L’Amministrazione aveva ritenuto che l’art. 103, comma 10, lett. c), del d.l. n. 34/2020 attribuisse al precedente penale efficacia interdittiva automatica, senza necessità di valutare caso per caso la pericolosità sociale. Il ricorrente ha impugnato il provvedimento davanti al TAR, deducendo la falsa applicazione della norma e l’assenza di ogni accertamento concreto.
La Motivazione della Corte
Il Collegio muove dalla lettura della disposizione sull’emersione, che elenca le condizioni ostative alla regolarizzazione. La lettera c) richiama i reati di cui all’art. 380 cod. proc. pen. e, tra gli altri, i reati inerenti agli stupefacenti. La lettera d) richiede invece che lo straniero sia considerato una minaccia per l’ordine pubblico, valutando anche le condanne per i reati di cui all’art. 381 cod. proc. pen.
Richiamando la Corte cost. n. 88/2023, il TAR ribadisce che l’Amministrazione non può limitarsi a evocare il dato normativo e far derivare meccanicamente dalle condanne i presupposti del diniego. Occorre una motivazione puntuale sulla riconducibilità delle condanne alle ipotesi di legge e sulla concreta sussistenza degli elementi che rendono lo straniero una reale minaccia, con apprezzamento della rilevanza e gravità dei fatti.
La Corte costituzionale, con la sentenza n. 43/2024, ha dichiarato l’illegittimità costituzionale del comma 10 dell’art. 103 del d.l. n. 34/2020 nella parte in cui, prevedendo tra le ipotesi automatiche di esclusione i reati inerenti agli stupefacenti, non ha escluso le ipotesi di lieve entità. Ne deriva che lo straniero condannato per il reato di cui all’art. 73, comma 5, d.P.R. n. 309/1990 non può per ciò solo essere ricondotto nel novero dei soggetti socialmente pericolosi.

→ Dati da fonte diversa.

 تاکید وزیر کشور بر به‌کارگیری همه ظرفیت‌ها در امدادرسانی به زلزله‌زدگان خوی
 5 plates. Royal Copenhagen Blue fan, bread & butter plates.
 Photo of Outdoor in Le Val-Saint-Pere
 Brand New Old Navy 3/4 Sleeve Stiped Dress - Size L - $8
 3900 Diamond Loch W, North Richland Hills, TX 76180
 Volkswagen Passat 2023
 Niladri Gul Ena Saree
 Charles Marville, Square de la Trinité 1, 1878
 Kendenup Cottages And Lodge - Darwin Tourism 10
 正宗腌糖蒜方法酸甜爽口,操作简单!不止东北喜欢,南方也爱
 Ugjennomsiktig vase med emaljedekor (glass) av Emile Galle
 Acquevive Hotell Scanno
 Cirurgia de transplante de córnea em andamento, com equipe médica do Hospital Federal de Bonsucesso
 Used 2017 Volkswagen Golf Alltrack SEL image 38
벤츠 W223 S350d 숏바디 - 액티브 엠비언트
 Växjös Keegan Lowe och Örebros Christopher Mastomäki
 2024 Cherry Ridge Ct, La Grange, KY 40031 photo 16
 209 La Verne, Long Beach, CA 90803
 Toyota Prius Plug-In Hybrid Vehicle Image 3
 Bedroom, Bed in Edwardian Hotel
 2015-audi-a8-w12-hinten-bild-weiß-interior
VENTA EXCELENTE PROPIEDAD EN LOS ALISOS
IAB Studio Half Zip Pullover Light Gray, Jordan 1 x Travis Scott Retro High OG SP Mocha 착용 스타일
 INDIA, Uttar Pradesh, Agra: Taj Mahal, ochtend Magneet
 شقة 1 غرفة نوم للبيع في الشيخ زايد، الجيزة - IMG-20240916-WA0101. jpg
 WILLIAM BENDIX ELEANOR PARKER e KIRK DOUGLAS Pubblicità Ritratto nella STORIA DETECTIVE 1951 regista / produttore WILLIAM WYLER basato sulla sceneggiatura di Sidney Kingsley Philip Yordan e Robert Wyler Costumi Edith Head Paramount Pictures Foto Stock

Nel caso concreto, il ricorrente aveva subito condanna proprio per il reato di cui all’art. 73, comma 5, d.P.R. n. 309/1990, con la concessione dell’attenuante ad effetto speciale. Assume quindi rilievo il mutato quadro normativo conseguente alla richiamata pronuncia del giudice delle leggi. Quanto alla resistenza a pubblico ufficiale ex art. 337 cod. pen., il Collegio osserva che il reato non rientra tra le ipotesi di cui all’art. 380 cod. proc. pen. e non è dunque automaticamente ostativo.
Il ricorso è pertanto accolto nei sensi di cui in motivazione, con annullamento del provvedimento impugnato e salve le ulteriori determinazioni dell’Amministrazione. Le spese di lite sono compensate in ragione delle peculiarità della vicenda e dell’intervenuto orientamento giurisprudenziale.